Bad classrooms make kids feel unimportant - PPTA

Shoddy, unsatisfactory and rundown – a nationwide review has revealed the true extent of the shocking state of some of our schools.

Bill English and the Ministry of Education have admitted the situation is much worse than previously realised, and the number of schools in need of a complete redevelopment is actually double what they thought.

It'll take time and lots of money to repair, with the bill for leaky schools alone estimated at more than $1 billion.

Post Primary Teachers' Association president Angela Roberts says the problem is concentrated mainly in lower-decile schools.

"Poorer schools have struggled – we've had decades of abdication of responsibility by the Government for the network, and schools have been left to their own devices to maintain their buildings," she said on the Paul Henry programme this morning.

The primary cause of the deterioration, says Ms Roberts, is the Tomorrow's Schools model, where schools make their own decisions largely independent of one another.

"We've got 2500 self-managing independent Crown entities, and there's never been any national responsibility for the network, it's all been given over to schools. We actually welcome having a look at the network as such, and we wish they would apply that same lens over a lot of the decisions they make over the resourcing of schools."
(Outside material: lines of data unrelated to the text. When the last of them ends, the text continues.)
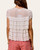 Back view of the ivory tiered ruffle lace blouse showing the delicate lace detailing.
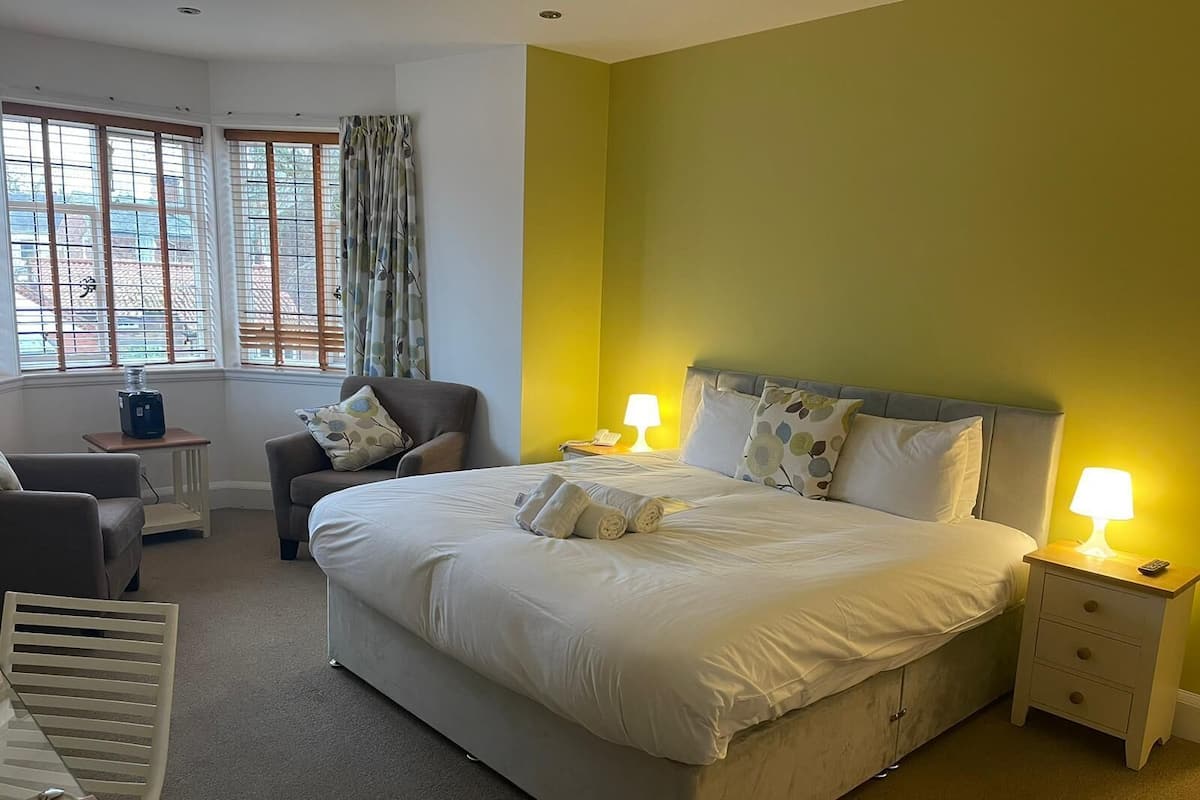 A hotel room with a large bed, two bedside tables with lamps, a chair, and a small table with a lamp.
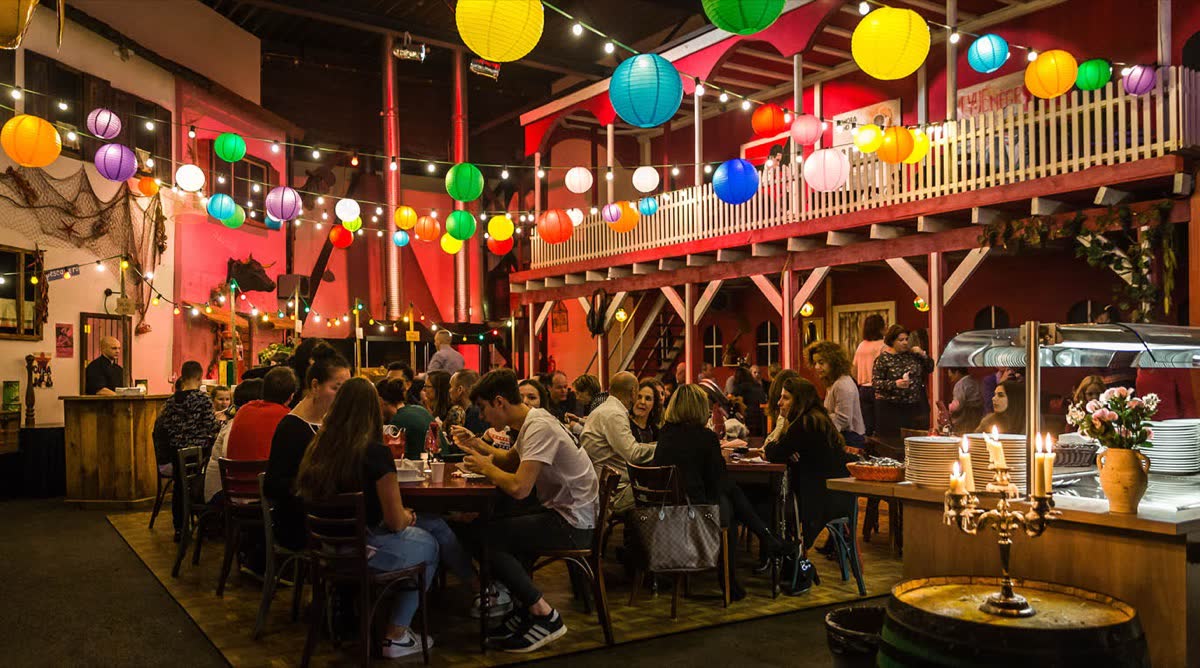 Gasten aan tafel in een feestelijk verlichte zaal met lampionnen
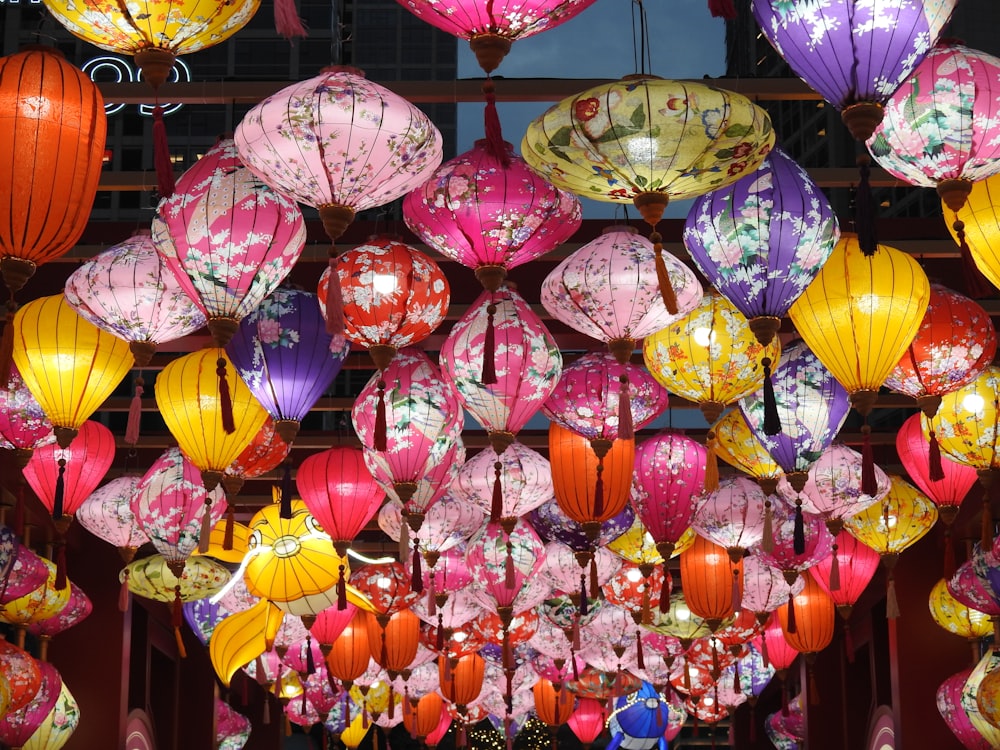 a room filled with lots of colorful paper lanterns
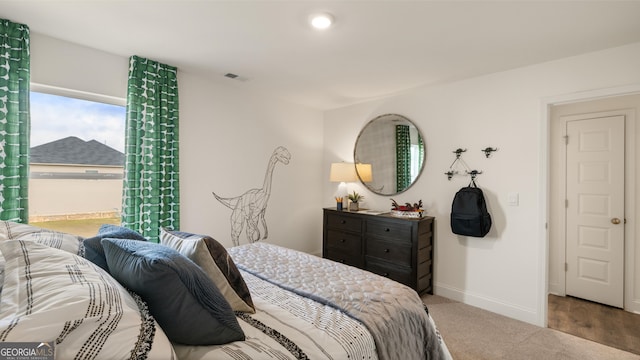bedroom featuring baseboards and visible vents
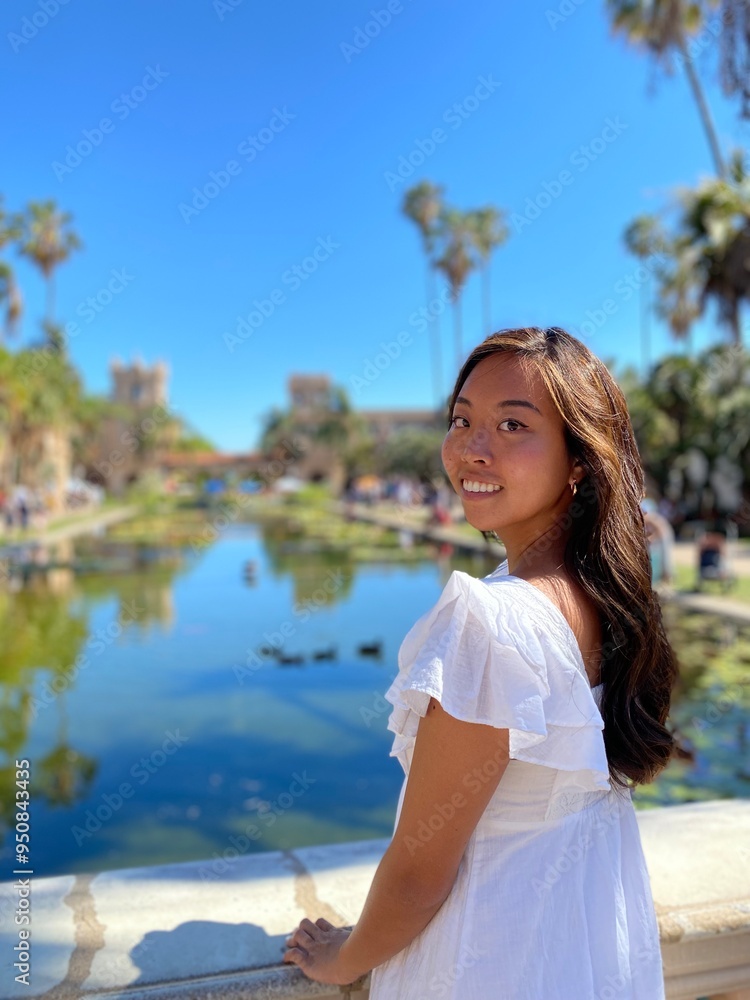 Asian girl smiling and posing in white dress in San Diego's Balboa park Asian girl smiling and posing in white dress in San Diego's Balboa park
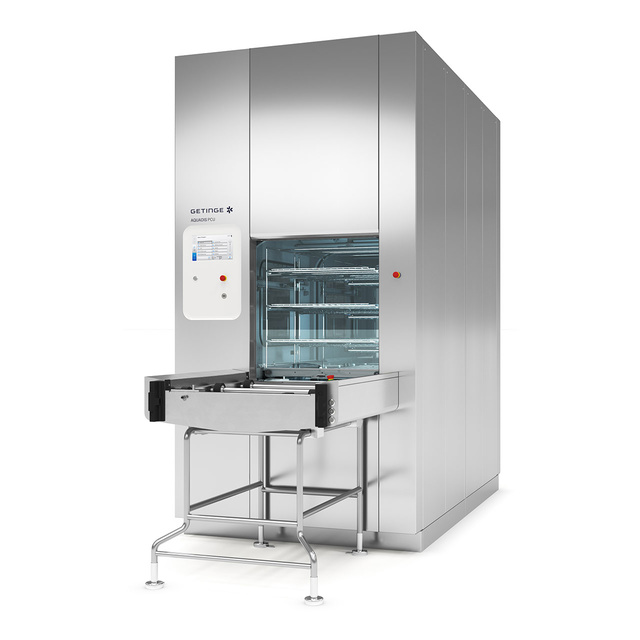 Large industrial sterilizer with an open chamber and control panel, designed for medical equipment cleaning.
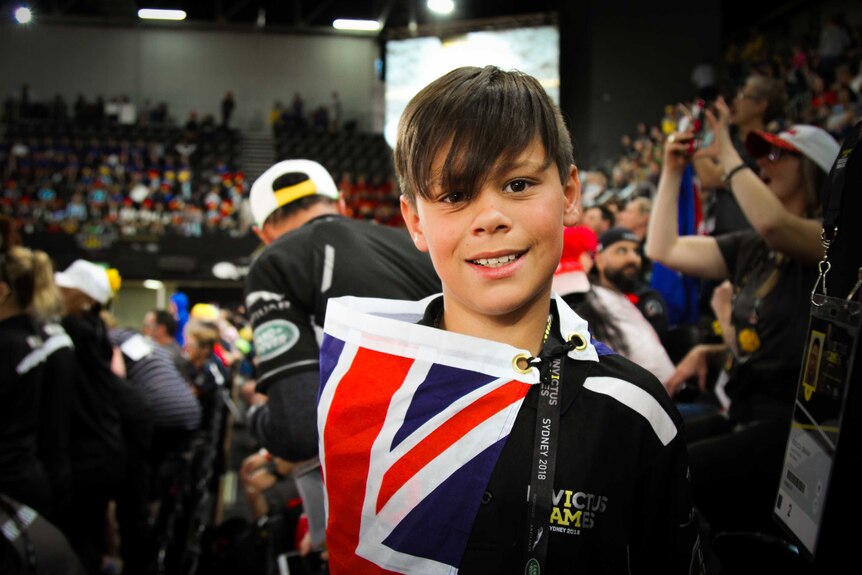 A young boy smiles at the camera whilst draped in a New Zealand flag.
While parents have been given more choice as to where they send their kids, Ms Roberts says there is a "vicious cycle" that sees schools that can't afford to fix worn-down infrastructure lose students, and therefore funding.

"The mobility we've given to families doesn't apply to property. So when you have children leaving one school, the funding for that school goes down so you have fewer students, fewer dollars."

She says it incentivises poorer schools to hide their flaws, further delaying any chance at a fix.

"Teachers, we tend to try and make the most of it. So we try and say 'just mind the bucket', as I have done in classrooms I have taught in."

While schools better able to get money out of parents in the form of "donations" are able to upgrade their premises – and it works wonders for the kids.

"'It's like somebody has noticed out there I'm important, I'm a child who has a future in this country and people want to invest in me,'" says Ms Roberts.

"When you talk to those kids they're really excited – not just about their new space, but about the expectations on them."

Lower-decile schools have a greater proportion of students coming from deprived backgrounds, and Ms Roberts says when they show up to class and it's leaky and cold, it sends them a message they're not important.

One of the solutions, according to the PPTA, is to take away some of the freedom of choice parents have in the state education system of where to send their kids to school.